START Extracted records

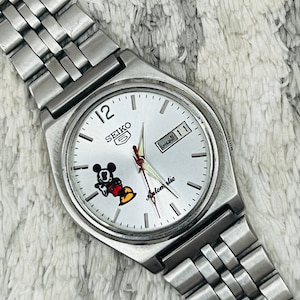 Vintage Seiko 5 Automatic Silver Mickey Mouse Dial Day/date Men's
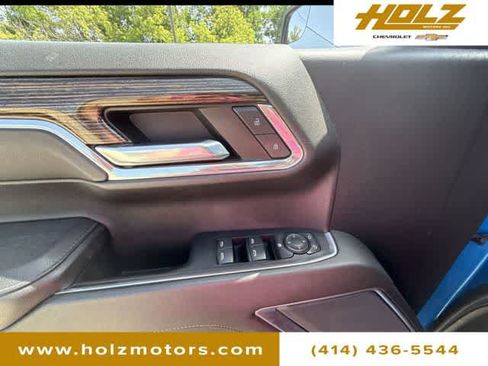 Certified 2022 GMC Sierra 1500 Elevation w/ LPO, Elevation Black Package AWD/4WD image 22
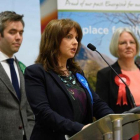 Trudy Harrison (centro) comparece tras su victoria en las elecciones en Copeland, rodeado por el candidato del Partido Verde (izquierda) y la laborista Gillian Troughton, en Whitehaven (Inglaterra), el 24 de febrero.-GETTY IMAGES / LEON NEAL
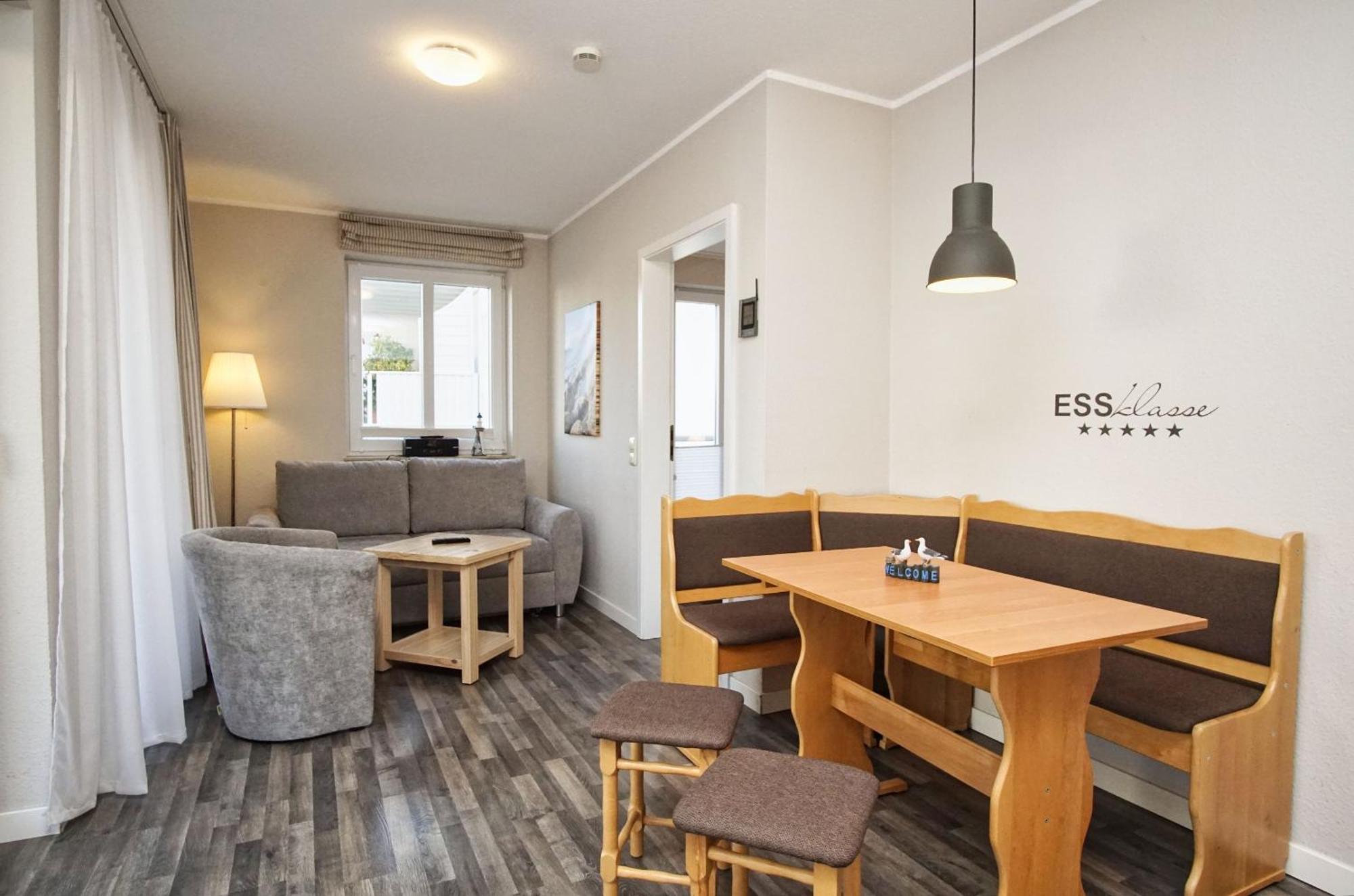 Zentrale Fewo Mit Balkon, Gratis Nutzung Vom Ahoi Erlebnisbad Und Sauna In Sellin - Villa Buskam Fewo 27 Goehren  Luaran gambar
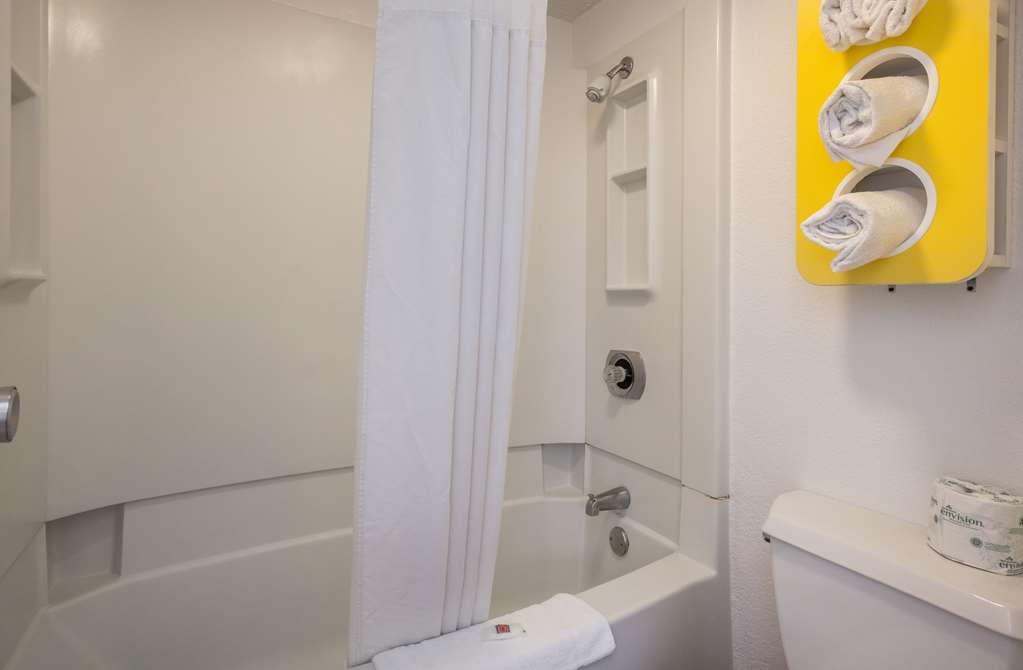 Motel 6 Prospect Heights IL - photo 16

END Extracted records

Your objective
The first line of the entries, the line containing "Zentrale Fewo Mit", and every line between them are to be output exactly; pictures are not.

The completed task
 Vintage Seiko 5 Automatic Silver Mickey Mouse Dial Day/date Men's
 Certified 2022 GMC Sierra 1500 Elevation w/ LPO, Elevation Black Package AWD/4WD image 22
 Trudy Harrison (centro) comparece tras su victoria en las elecciones en Copeland, rodeado por el candidato del Partido Verde (izquierda) y la laborista Gillian Troughton, en Whitehaven (Inglaterra), el 24 de febrero.-GETTY IMAGES / LEON NEAL
 Zentrale Fewo Mit Balkon, Gratis Nutzung Vom Ahoi Erlebnisbad Und Sauna In Sellin - Villa Buskam Fewo 27 Goehren  Luaran gambar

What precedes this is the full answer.